Chapter 1 Cheat Sheet - Quick Reference

One-Line Summaries

Concept	One-Liner
Reliability	System works correctly even when faults occur
Scalability	System copes with increased load effectively
Maintainability	Easy for teams to operate, understand, and evolve
Fault vs Failure	Component deviation vs system-wide breakdown
Percentiles	p50/p95/p99 capture performance better than averages
Fan-out	Writing to multiple locations (e.g., Twitter timeline problem)

Quick Numbers to Remember

Metric	Value	Context
Hard disk MTTF	10-50 years	But at 10,000 disks, expect 1 failure/day
Twitter timeline reads	300K req/sec	vs 12K req/sec for posting tweets
Amazon latency impact	100ms = 1% sales	Every millisecond counts
Google machine failures	1-5% per year	Expect failures at scale
SLA example	p50 < 200ms, p99 < 1s	Use percentiles in SLAs

Three Types of Faults

Hardware Faults
├── Hard disk crashes
├── RAM errors
├── Power outages
└── Solution: Redundancy + Software fault-tolerance

Software Faults (Harder!)
├── Systematic bugs
├── Cascading failures
├── Runaway processes
└── Solution: Testing, isolation, monitoring, recovery

Human Errors (Most Common!)
├── Config mistakes
├── Operational errors
└── Solution: Good design, testing, quick recovery, monitoring

Scaling Decision Tree

Need to scale?
│
├─ Read-heavy?
│  ├─ Cache (Redis, CDN)
│  └─ Read replicas
│
├─ Write-heavy?
│  ├─ Sharding
│  └─ Write-through cache
│
├─ Low latency?
│  ├─ In-memory data
│  └─ Edge locations
│
└─ High volume?
   ├─ Horizontal scaling
   └─ Load balancing

Twitter Fan-out Problem

Problem: Posting tweets to followers’ timelines

Approach 1 (Pull): Write once, join on read
├─ Pro: Simple writes
└─ Con: Expensive reads (join for every timeline view)

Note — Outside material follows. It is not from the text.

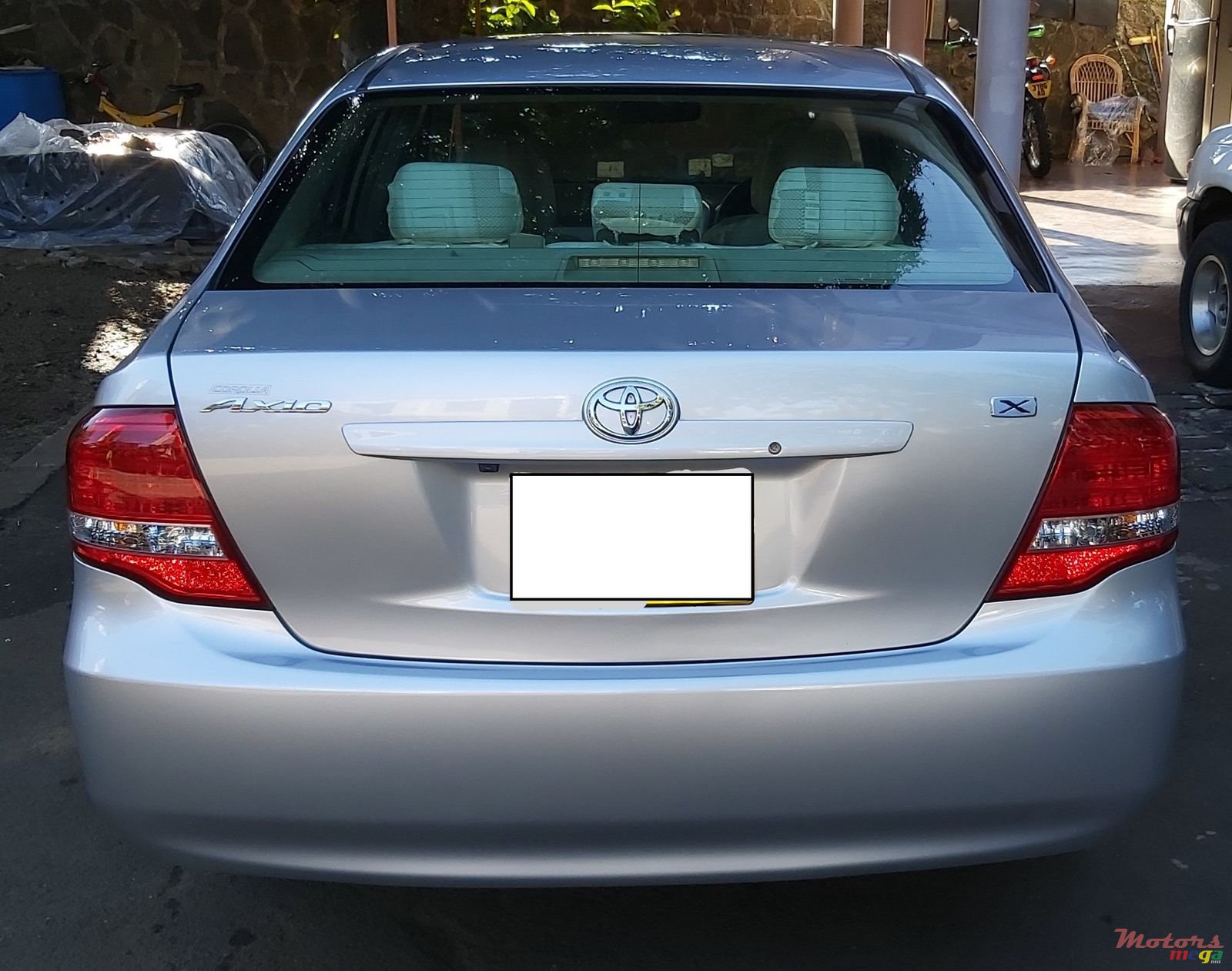 2010' Toyota Axio photo #3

Approach 2 (Push): Pre-compute all timelines
├─ Pro: Fast reads
└─ Con: Write amplification (celebrity with 30M followers = 30M writes)

Solution (Hybrid):
├─ Regular users: Push (pre-compute)
└─ Celebrities: Pull (compute on read)

Percentiles Explained

100 requests: 99 take 10ms, 1 takes 1000ms

Average: ~20ms (misleading!)

p50 (median): 10ms (half are faster)
p95: 10ms (95% are faster)
p99: 1000ms (99% are faster) ← Captures outliers!

Why p99 matters: Slowest requests often from users with most data (best customers)

Maintainability Three Pillars

Operability
├─ Easy to keep running
├─ Good monitoring
├─ Automation support
└─ "What's the system doing right now?"

Simplicity
├─ Easy to understand
├─ Manage complexity via abstraction
└─ "Can a new engineer understand this?"

Evolvability
├─ Easy to change
├─ Adapt to new requirements
└─ "Can we add this feature safely?"

SLO/SLA Example

Service Level Objective (SLO):
├─ Median response time (p50) < 200ms
├─ 95th percentile (p95) < 500ms
├─ 99th percentile (p99) < 1 second
└─ Uptime: 99.9% (8.7 hours downtime/year)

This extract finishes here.